1. Installing Hadoop 2.7 on Ubuntu Tutorial: Objective
This tutorial on Installation of Hadoop 2.7 on Ubuntu explains about How to install and configure Hadoop 2.7.x on Ubuntu? In this tutorial, we will guide you step by step on how to install Hadoop and deploy Hadoop on the Single server (single node cluster) on Ubuntu OS. This quick start guide will help you to install Hadoop 2.7 on ubuntu, configure and run it in less than 10 min. While installation we will enable YARN so that apart from MapReduce you can run various types of applications like Apache Spark.
2. How to Install Hadoop 2.7 on Ubuntu?
In this part of the Hadoop 2.7 installation tutorial, we will learn step by step to install and configure Hadoop 2.7.x on Ubuntu OS. Follow the steps given below to install Hadoop 2.7 –
2.1. Prerequisites to install Hadoop 2.7 on Ubuntu
If you are using Windows/Mac OS to install Hadoop 2.7 you can create a virtual machine and install Ubuntu using VMWare Player, alternatively, you can create a virtual machine and install Ubuntu using Oracle Virtual Box.
I. Install Oracle Java 8
a. Install Python Software Properties
sudo apt-get install python-software-properties
b. Add Repository
sudo add-apt-repository ppa:webupd8team/java
c. Update the source list
sudo apt-get update
d. Install Java
sudo apt-get install oracle-java8-installer
II. Setup Password-less SSH
a. Install Open SSH Server & Open SSH Client
sudo apt-get install openssh-server openssh-client
b. Generate Public & Private Key Pairs
ssh-keygen -t rsa -P “”
c. Configure password-less SSH
cat $HOME/.ssh/id_rsa.pub >> $HOME/.ssh/authorized_keys
d. Check by SSH to localhost
ssh localhost
3.1. Configure, Setup and Install Hadoop 2.7 on Ubuntu
I. Download Hadoop
https://archive.apache.org/dist/hadoop/common/hadoop-2.7.1/hadoop-2.7.1.tar.gz
II. Untar Tar ball
tar xzf hadoop–2.7.1.tar.gz
Note: All the required jars, scripts, configuration files, etc. are available in HADOOP_HOME directory (hadoop-2.7.1)
III. Setup Configuration
a. Edit .bashrc
Edit .bashrc file located in the user’s home directory and add the below parameters:
1. export HADOOP_PREFIX=/home/hdadmin/hadoop-2.7.1
2. export PATH=$PATH:$HADOOP_PREFIX/bin
3. export PATH=$PATH:$HADOOP_PREFIX/sbin
4. export HADOOP_MAPRED_HOME=${HADOOP_PREFIX}
5. export HADOOP_COMMON_HOME=${HADOOP_PREFIX}
6. export HADOOP_HDFS_HOME=${HADOOP_PREFIX}
7. export YARN_HOME=${HADOOP_PREFIX}
8. export HADOOP_COMMON_LIB_NATIVE_DIR=$HADOOP_PREFIX/lib/native
9. export HADOOP_OPTS=”-Djava.library.path=$HADOOP_PREFIX/lib”

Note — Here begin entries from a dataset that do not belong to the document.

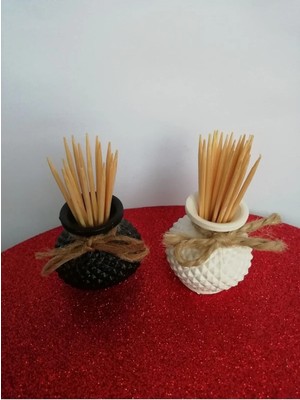 Bernami Dekoratif Pinterest Dekoratif Mini Tombik Vazo Kürdanlık 2 Li Obje Biblo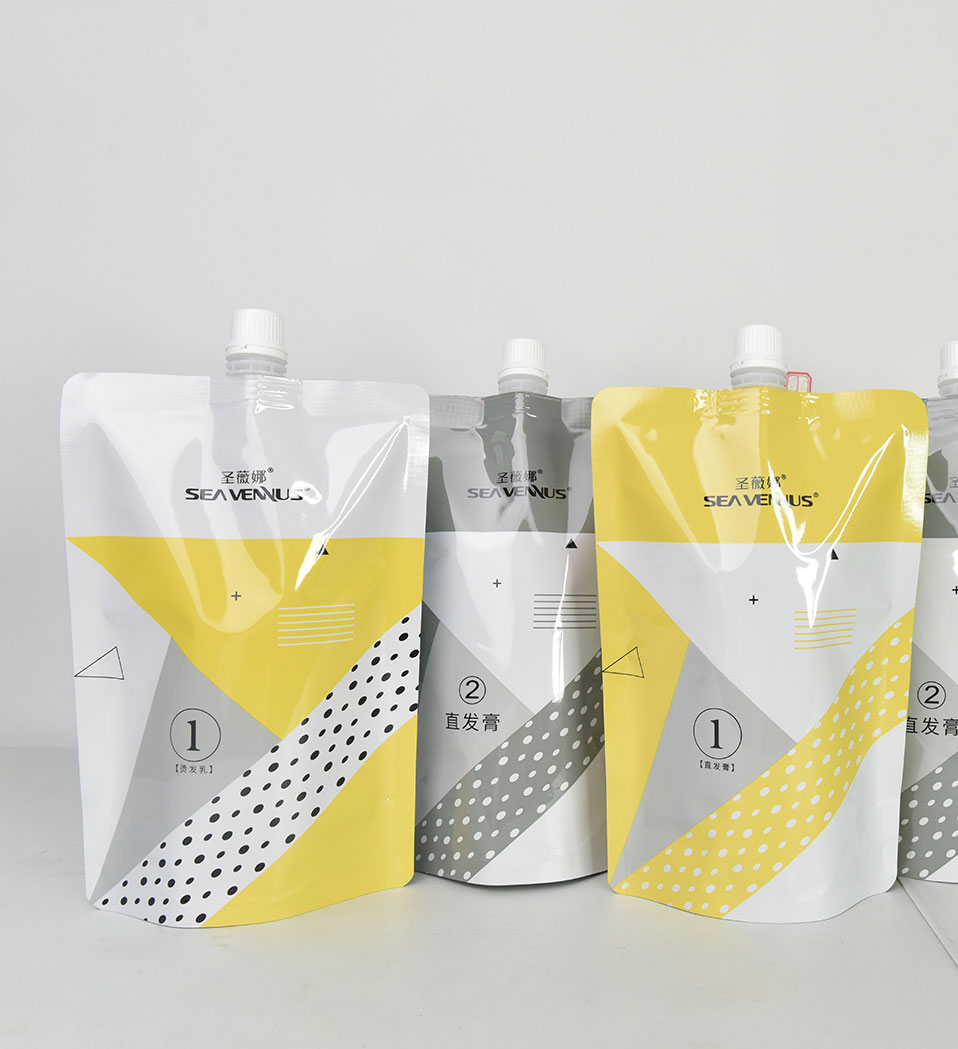 秀美直发膏（黄圣薇娜香妃烫）Fragrant-Straight-Perm--Yellow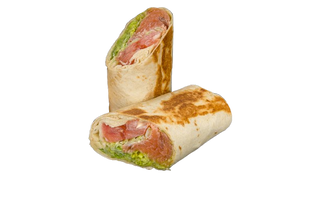 Тортила с пушена сьомга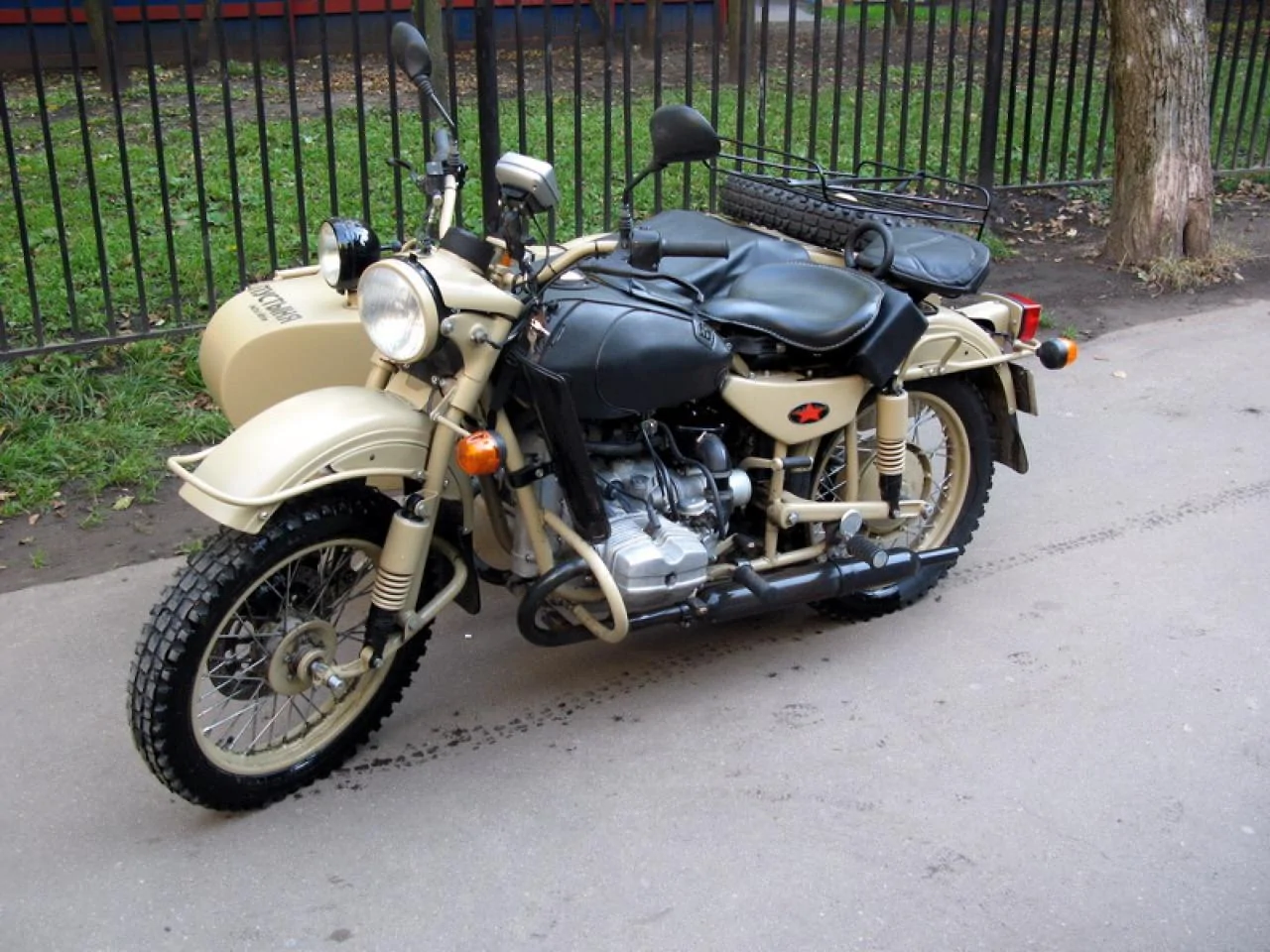 Thumbnail for Ural Solo 750 2008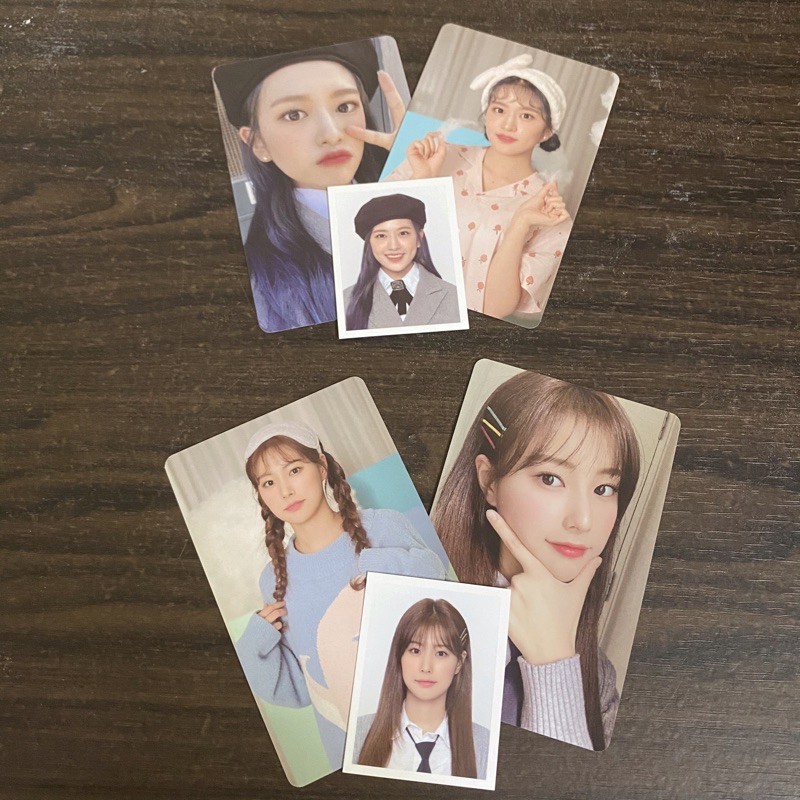 photocard hyewon yujin secret diary // pc yujin hyewon iz*one secret diary BACA DESKRIPSI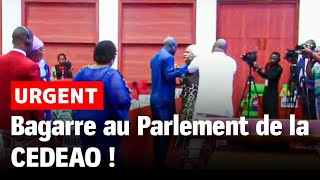 Parlement de la CEDEAO  Guy Marius Sagna et Adjaratou Traoré Saffrontent [upl. by Zoltai324]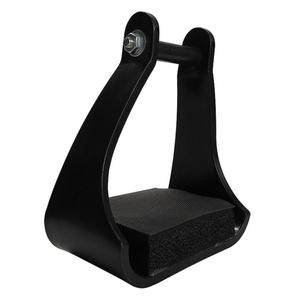 Ergonomic Horse Stirrups Flexible Shock Absorption System Anti Slip <b>Footrest</b> Premium Riding Gear For Equestrian Use - Product Image 4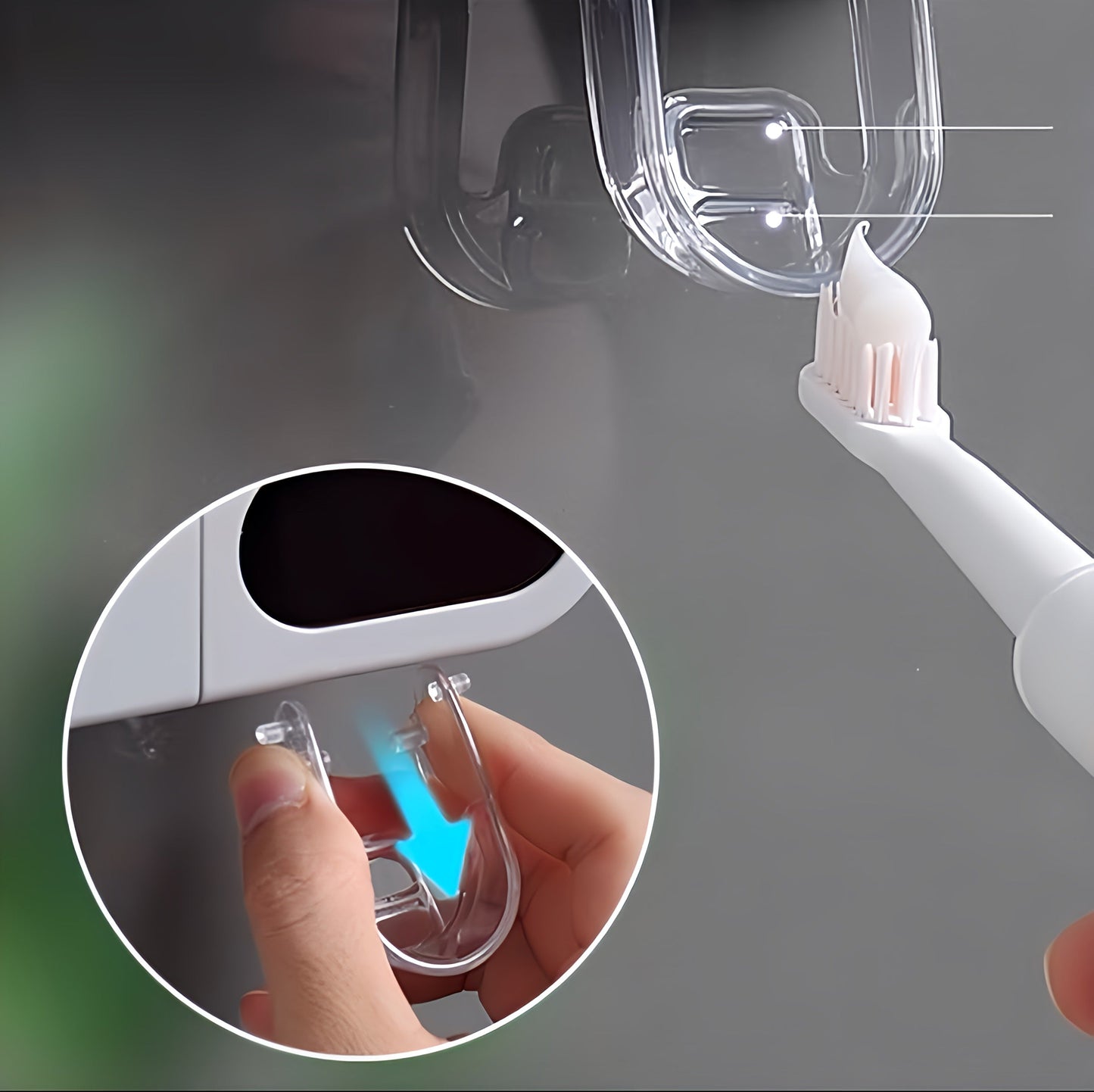 Ecoco UV Sterilization Toothpaste Dispenser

Note: After the above step restarts the terminal so that all the environment variables will come into the picture.
b. Edit hadoop-env.sh
Edit hadoop-env.sh (hadoop-env.sh is placed in etc/hadoop inside Hadoop installation directory) and set JAVA_HOME:
- export JAVA_HOME=<root-of-your-Java-installation> (eg: /usr/lib/jvm/java-8-oracle/)
c. Edit core-site.xml
Edit core-site.xml (core-site.xml is located in etc/hadoop inside Hadoop installation directory) and add below entries:
- <configuration>
- <property>
- <name>fs.defaultFS</name>
- <value>hdfs://localhost:9000</value>
- </property>
- <property>
- <name>hadoop.tmp.dir</name>
- <value>/home/hdadmin/hdata</value>
- </property>
- </configuration>
Note: you must have Read Write permissions in /home/hdadmin/hdata else specify a location where you have Read Write permissions.
d. Edit hdfs-site.xml
Edit hdfs-site.xml (hdfs-site.xml is located in etc/hadoop inside Hadoop installation directory) and add below entries:
- <configuration>
- <property>
- <name>dfs.replication</name>
- <value>1</value>
- </property>
- </configuration>
e. Edit mapred-site.xml
Edit mapred-site.xml (mapred-site.xml.template is located in etc/hadoop inside Hadoop installation directory, copy the file with the name mapred-site.xml) and add below entries:
- <configuration>
- <property>
- <name>mapreduce.framework.name</name>
- <value>yarn</value>
- </property>
- </configuration>
f. Edit yarn-site.xml
Edit yarn-site.xml (yarn-site.xml is situated in etc/hadoop inside Hadoop installation directory) and add below entries:
- <configuration>
- <property>
- <name>yarn.nodemanager.aux-services</name>
- <value>mapreduce_shuffle</value>
- </property>
- <property>
- <name>yarn.nodemanager.aux-services.mapreduce.shuffle.class</name>
- <value>org.apache.hadoop.mapred.ShuffleHandler</value>
- </property>
- </configuration>
4.1. Start the Cluster
I. Format the name node:
hdfs namenode -format
NOTE: Namenode should be configured just once when you install Hadoop.
II. Start HDFS Services:
start-dfs.sh
III. Start YARN Services:
start-yarn.sh
IV. Check whether services have been started
- jps
- NameNode
- DataNode
- ResourceManager
- NodeManager
- SecondaryNameNode
5.1. Run Map-Reduce Jobs
I. Run wordcount example:
- hdfs dfs -mkdir /data
- hdfs dfs -put <file> /data
- yarn jar share/hadoop/mapreduce/hadoop-MapReduce-examples-2.7.1.jar wordcount /data /data-out
- hdfs dfs -cat /data-out/*
6.1. Stop the Cluster
I. Stop HDFS Services:
stop-dfs.sh
II. Stop YARN Services:
stop-yarn.sh
This was all in this tutorial to install Hadoop 2.7 on Ubuntu in 10 minutes…